**Supplied information:**
┌──
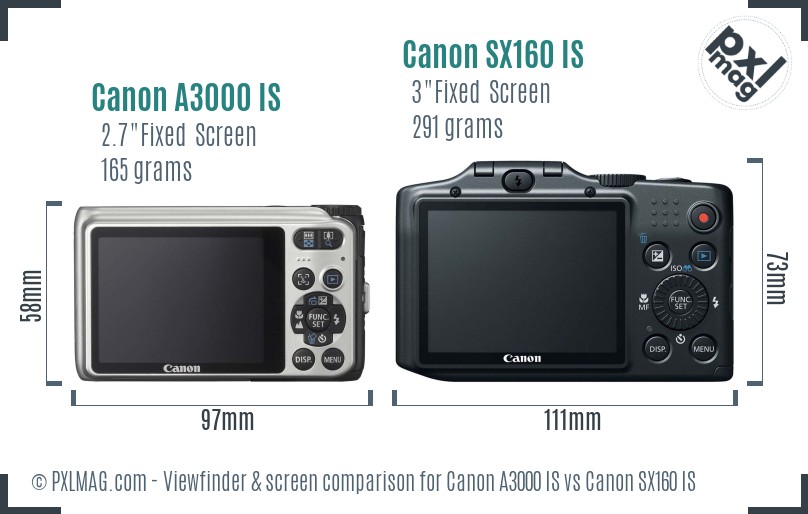 Canon A3000 IS vs Canon SX160 IS Screen and Viewfinder comparison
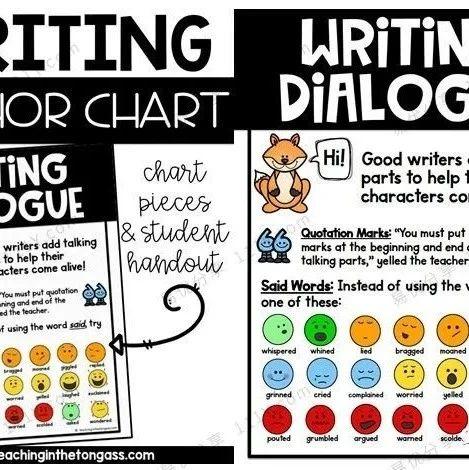 英文写作技巧海报 Writing Anchor Chart~26个英语写作具体技巧 - 知乎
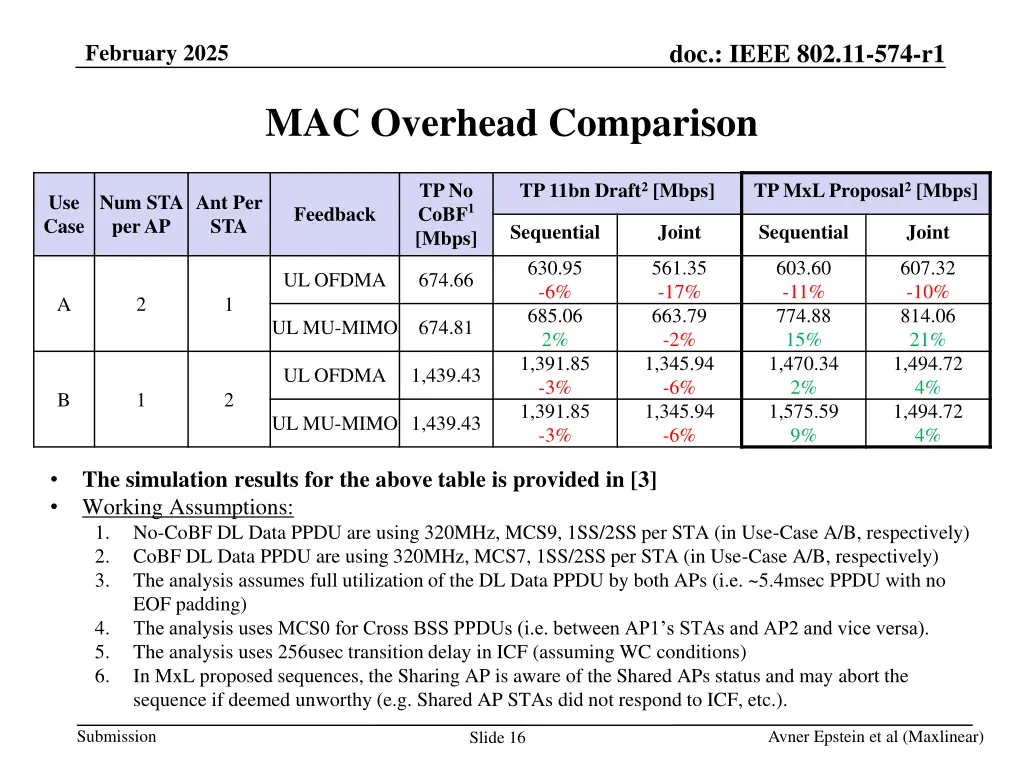 doc ieee 802 11 574 r1 15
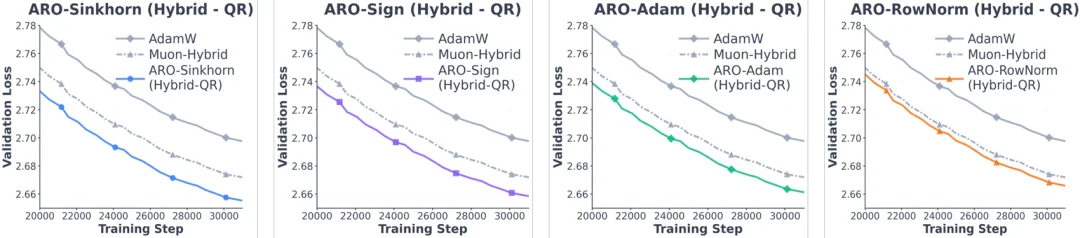 正交化之外是什么？微软等提出ARO优化器：训练提速1/3，揭示矩阵优化新「蓝海」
└──
**Goal of the exercise:** Give back the material above exactly as it appears, minus any picture.

**Response to this exercise:**
 Canon A3000 IS vs Canon SX160 IS Screen and Viewfinder comparison
 英文写作技巧海报 Writing Anchor Chart~26个英语写作具体技巧 - 知乎
 doc ieee 802 11 574 r1 15
 正交化之外是什么？微软等提出ARO优化器：训练提速1/3，揭示矩阵优化新「蓝海」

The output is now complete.